Converting Tfrecords for kitti trainval dataset

Hello, when I try to run the tfrecord converting command:

I am using tlt 0.1.4, docker_tag: v3.0-py3.

Spec:
kitti_config {
root_directory_path: “/workspace/tlt-experiments/data/training”
image_dir_name: “image_2”
label_dir_name: “label_2”
image_extension: “.jpg”
partition_mode: “random”
num_partitions: 2
val_split: 14
num_shards: 4
}
image_directory_path: “/workspace/tlt-experiments/data/training”

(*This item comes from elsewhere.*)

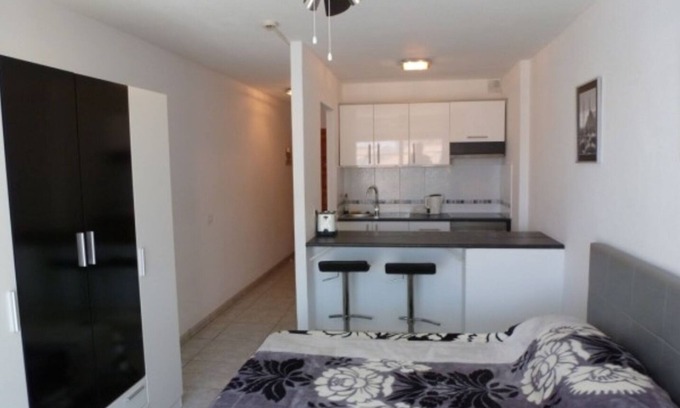 San Eugenio Apartamento | complejo Garden City una ubicación ideal para la playa, tiendas, restaurantes y bares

!tlt detectnet_v2 dataset_convert
-d $LOCAL_SPECS_DIR/detectnet_v2_tfrecords_kitti_trainval.txt
-o $DATA_DOWNLOAD_DIR/tfrecords/kitti_trainval/kitti_trainval

I get this error.

Converting Tfrecords for kitti trainval dataset
2021-06-16 20:31:50,344 [INFO] root: Registry: [‘nvcr.io’]
Error: No such container: f516eb619ce39f9d8f96c5a8d9b0975631cb6ea2a0a72e296bc56f92bfcb1fbd
2021-06-16 20:31:58,410 [INFO] tlt.components.docker_handler.docker_handler: Stopping container.
Traceback (most recent call last):
File “/home/mzamanov/tlt/lib/python3.6/site-packages/docker/api/client.py”, line 259, in _raise_for_status
response.raise_for_status()
File “/home/mzamanov/tlt/lib/python3.6/site-packages/requests/models.py”, line 941, in raise_for_status
raise HTTPError(http_error_msg, response=self)
requests.exceptions.HTTPError: 404 Client Error: Not Found for url: http+docker://localhost/v1.41/containers/f516eb619ce39f9d8f96c5a8d9b0975631cb6ea2a0a72e296bc56f92bfcb1fbd/stop

During handling of the above exception, another exception occurred:

Traceback (most recent call last):
File “/home/mzamanov/tlt/bin/tlt”, line 8, in
sys.exit(main())
File “/home/mzamanov/tlt/lib/python3.6/site-packages/tlt/entrypoint/entrypoint.py”, line 114, in main
args[1:]
File “/home/mzamanov/tlt/lib/python3.6/site-packages/tlt/components/instance_handler/local_instance.py”, line 278, in launch_command
docker_handler.run_container(command)
File “/home/mzamanov/tlt/lib/python3.6/site-packages/tlt/components/docker_handler/docker_handler.py”, line 299, in run_container
self.stop_container()
File “/home/mzamanov/tlt/lib/python3.6/site-packages/tlt/components/docker_handler/docker_handler.py”, line 306, in stop_container
self._container.stop()
File “/home/mzamanov/tlt/lib/python3.6/site-packages/docker/models/containers.py”, line 436, in stop
return self.client.api.stop(self.id, **kwargs)
File “/home/mzamanov/tlt/lib/python3.6/site-packages/docker/utils/decorators.py”, line 19, in wrapped
return f(self, resource_id, *args, **kwargs)
File “/home/mzamanov/tlt/lib/python3.6/site-packages/docker/api/container.py”, line 1167, in stop
self._raise_for_status(res)
File “/home/mzamanov/tlt/lib/python3.6/site-packages/docker/api/client.py”, line 261, in _raise_for_status
raise create_api_error_from_http_exception(e)
File “/home/mzamanov/tlt/lib/python3.6/site-packages/docker/errors.py”, line 31, in create_api_error_from_http_exception
raise cls(e, response=response, explanation=explanation)
docker.errors.NotFound: 404 Client Error: Not Found (“No such container: f516eb619ce39f9d8f96c5a8d9b0975631cb6ea2a0a72e296bc56f92bfcb1fbd”)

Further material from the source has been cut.